Location
- Darlton Drive Arnold, Nottinghamshire, NG5 7JZ England 53°00′00″N 1°06′42″W﻿ / ﻿53.0001°N 1.1117°W

Information
- Type: Academy
- Motto: Christus Vincit, Christus Regnat - "Christ conquers, Christ reigns"
- Religious affiliation: Roman Catholic
- Established: 1971
- Department for Education URN: 138810 Tables
- Ofsted: Reports
- Principal: Joanne Love
- Gender: Mixed
- Age: 11 to 18
- Language: English
- Houses: Iona, Canterbury, Holywell, Lindisfarne, Walsingham
- Colours: Black, Gold and White
- Affiliation: Our Lady of Lourdes Catholic Multi-Academy Trust
- Website: https://www.christtheking.notts.sch.uk/

= Christ the King Catholic Voluntary Academy =

School in Arnold, Nottinghamshire, England

Christ the King Catholic Voluntary Academy (formerly Christ The King School) is a mixed Roman Catholic secondary school and sixth form located in Arnold, a town in the English ceremonial county of Nottinghamshire. It is one of three Catholic secondary schools in the Greater Nottingham area, along with The Becket School and Trinity School. It was opened in 1972

==History==
The school opened on Thursday 2 September 1971, as a secondary modern school, costing £250,000.

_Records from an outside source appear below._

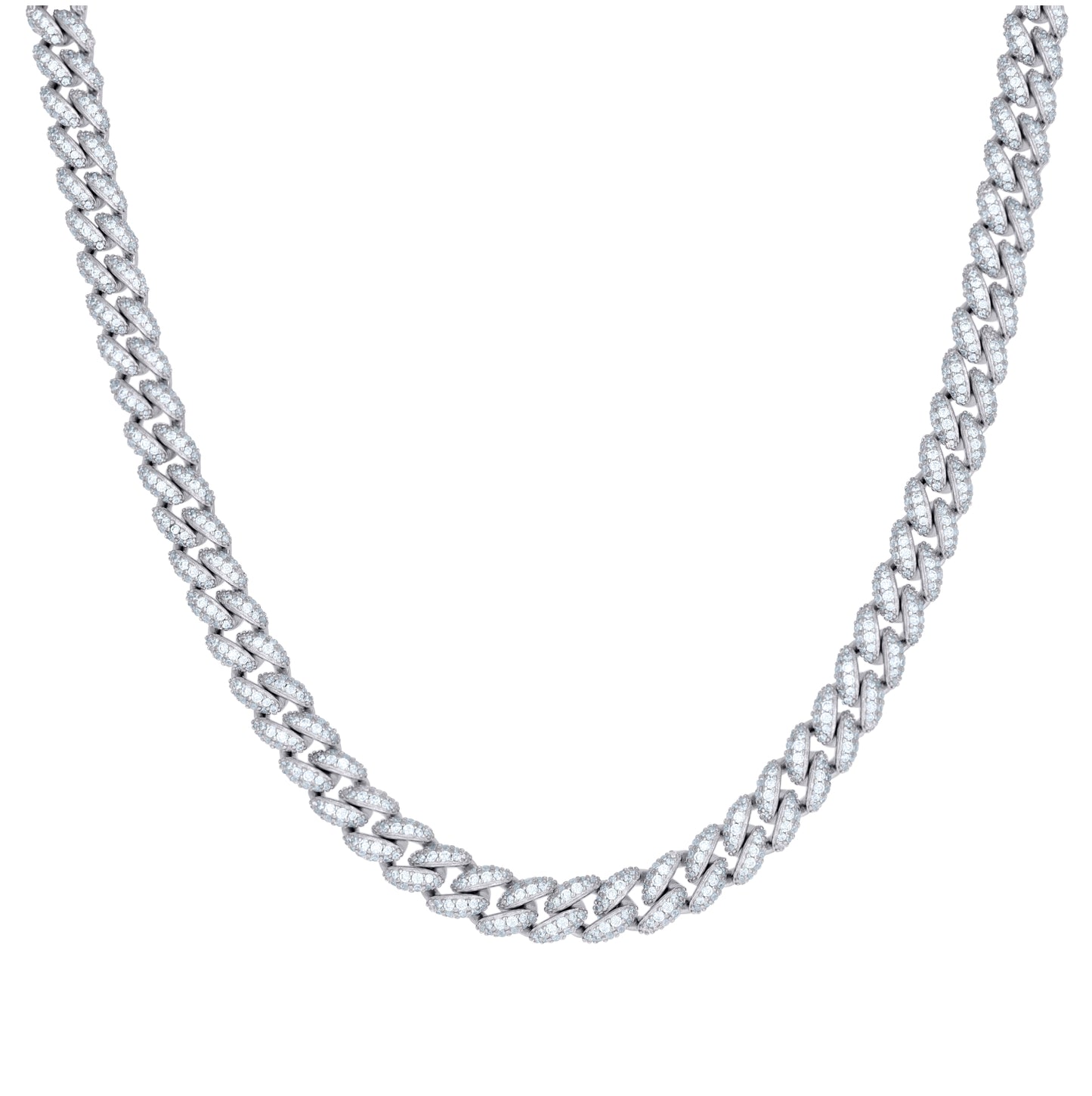 Sterling Silver Cubic-Zirconia Cuban Chain Necklace 8mm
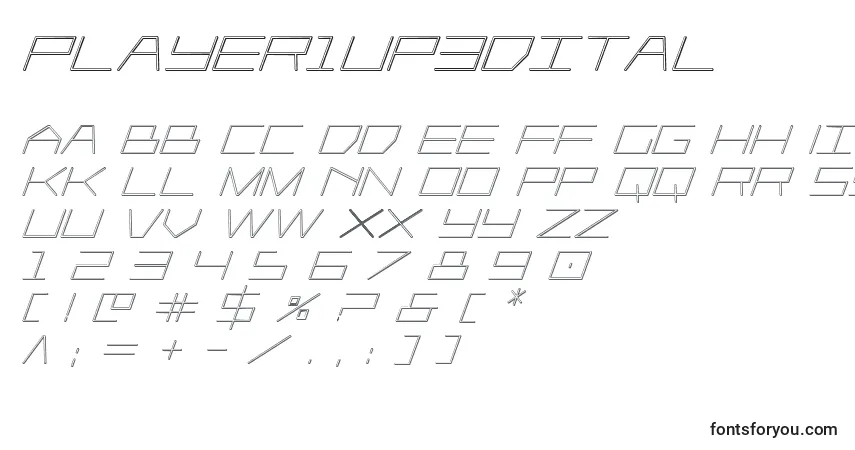 Player1up3Dital-fontti – aakkoset, numerot, erikoismerkit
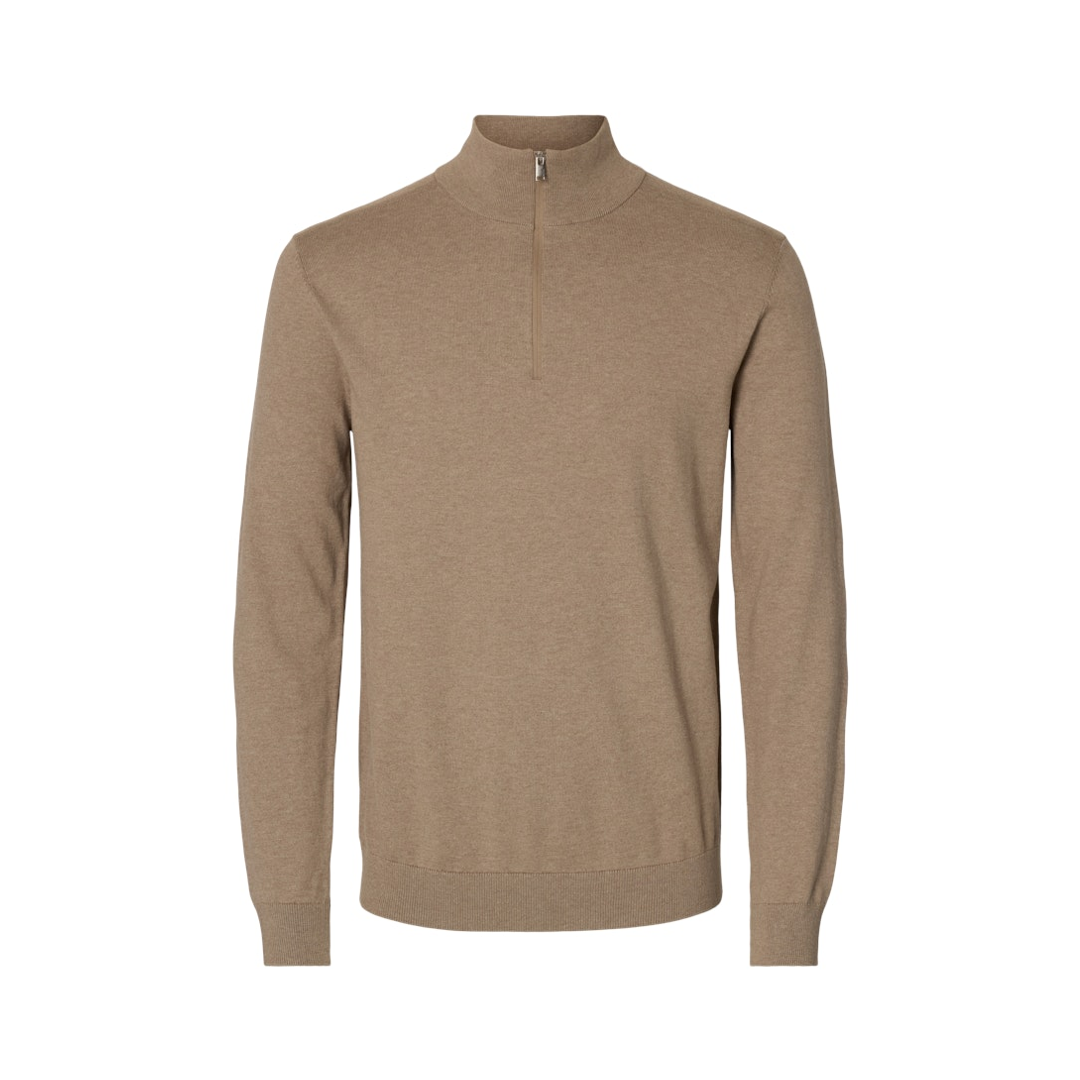 Selected Homme - Slhberg Half Zip Cardigan Noos - Knitwear - Herren - Beige - M - Bild 3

The official opening was on Saturday 15 July 1972, when it was announced that the school would become comprehensive from September 1973. At the opening was Bishop Edward Ellis and Anne Yates, the chairman of Nottinghamshire County Council.

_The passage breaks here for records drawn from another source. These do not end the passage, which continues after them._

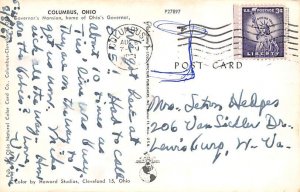 Governor's Mansion Columbus, Ohio OH Postcard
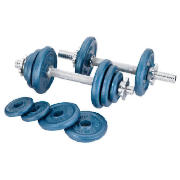 This 17kg cast iron dumbbell set can be used in the combination that suits your workout best. This d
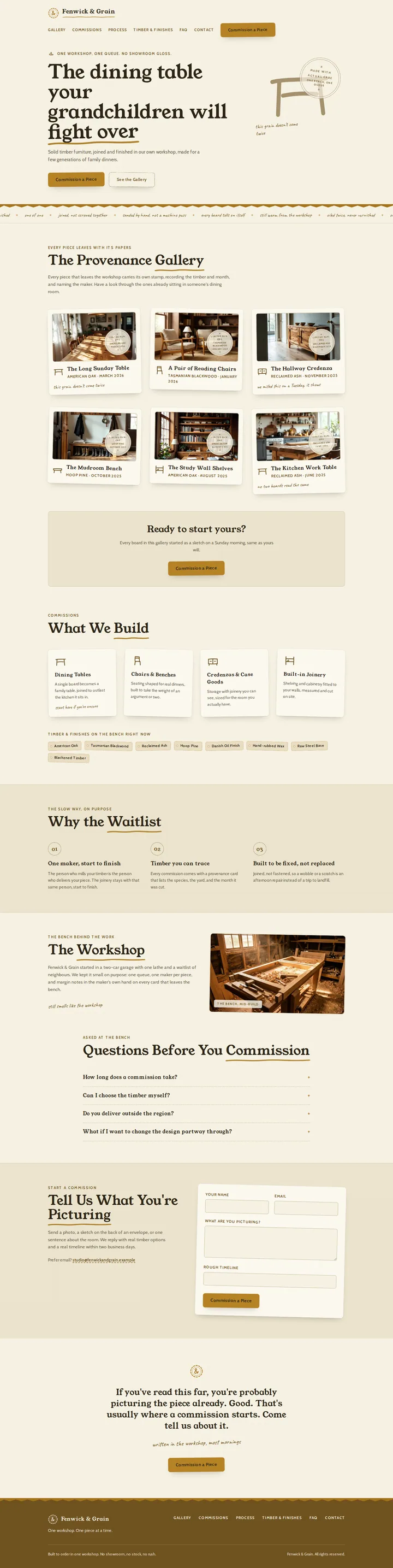 The Fenwick & Grain bespoke furniture and joinery template, shown on a desktop screen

Christ The King School was converted to academy status in October 2012 and was renamed Christ the King Catholic Voluntary Academy, becoming part of the Pax Christi Multi-Academy Trust. This was later merged into the Our Lady of Lourdes Multi-Academy Trust.

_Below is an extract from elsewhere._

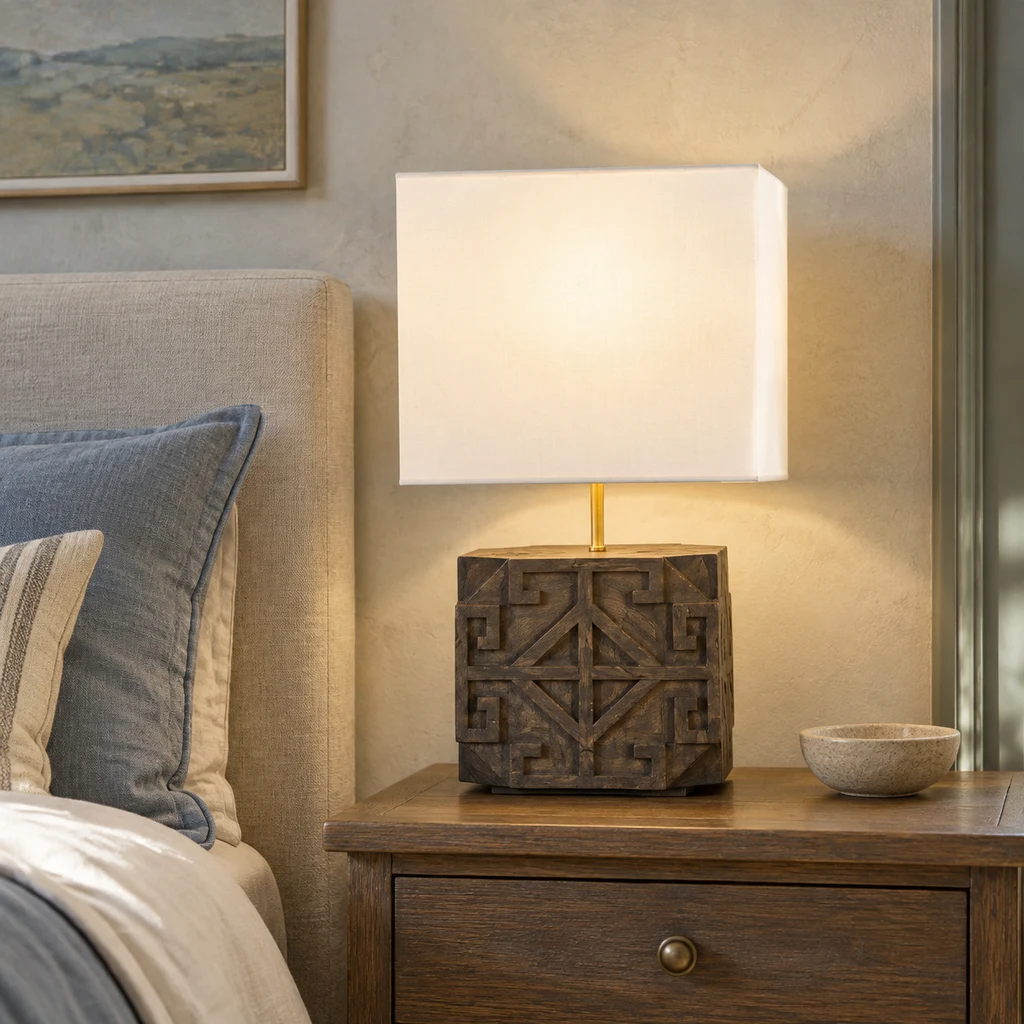 Aurelia table lamp beside blue-gray linen in a bedroom setting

In 2012 the school undertook a large redevelopment of one building. In 2012, the lower building include Technology and Computer Rooms) was redecorated, and a lift was installed. In 2015 the school built a new Physical Education area, and the old PE area was converted into offices. In 2016, a new extension to the sixth form centre at Christ the King was constructed with study space for students with computer access.

== Organisation ==
The school is organised into five houses which are named after notable Christian pilgrimage sites in the UK.

- Iona
- Canterbury
- Holywell
- Lindisfarne
- Walsingham

==Curriculum==
Christ the King Catholic Voluntary Academy offers GCSEs, BTECs and Cambridge Nationals as programmes of study for pupils, while students in the sixth form have the option to study from a range of A Levels and further BTECs.

== Notable events ==
In 2013, while on a school-organised skiing trip to Austria, teacher Jonathan Taylor died in a tragic accident after falling down a bank. The coroner later recorded a verdict of accidental death.

In January 2016, a substance in the science preparation laboratory was found to be incorrectly stored and had dried out and become explosive. Immediate professional help was obtained and the substance was destroyed by the armed forces.

== Alumni ==
- Brian Kilcline (b. 1962) - professional footballer, Notts County F.C., Coventry City F.C., Newcastle United F.C.
- MistaJam - Peter Dalton (born 1983), DJ and radio presenter
- Jordan Bowery (b. 1991) - professional footballer, Mansfield Town F.C.
- Greg Tempest (b. 1993) - professional footballer, Carlton Town F.C.
- Cieron Keane (b. 1996) - professional footballer, Ilkeston Town F.C.
- Alex Iacovitti (b. 1997) - professional footballer, Port Vale F.C.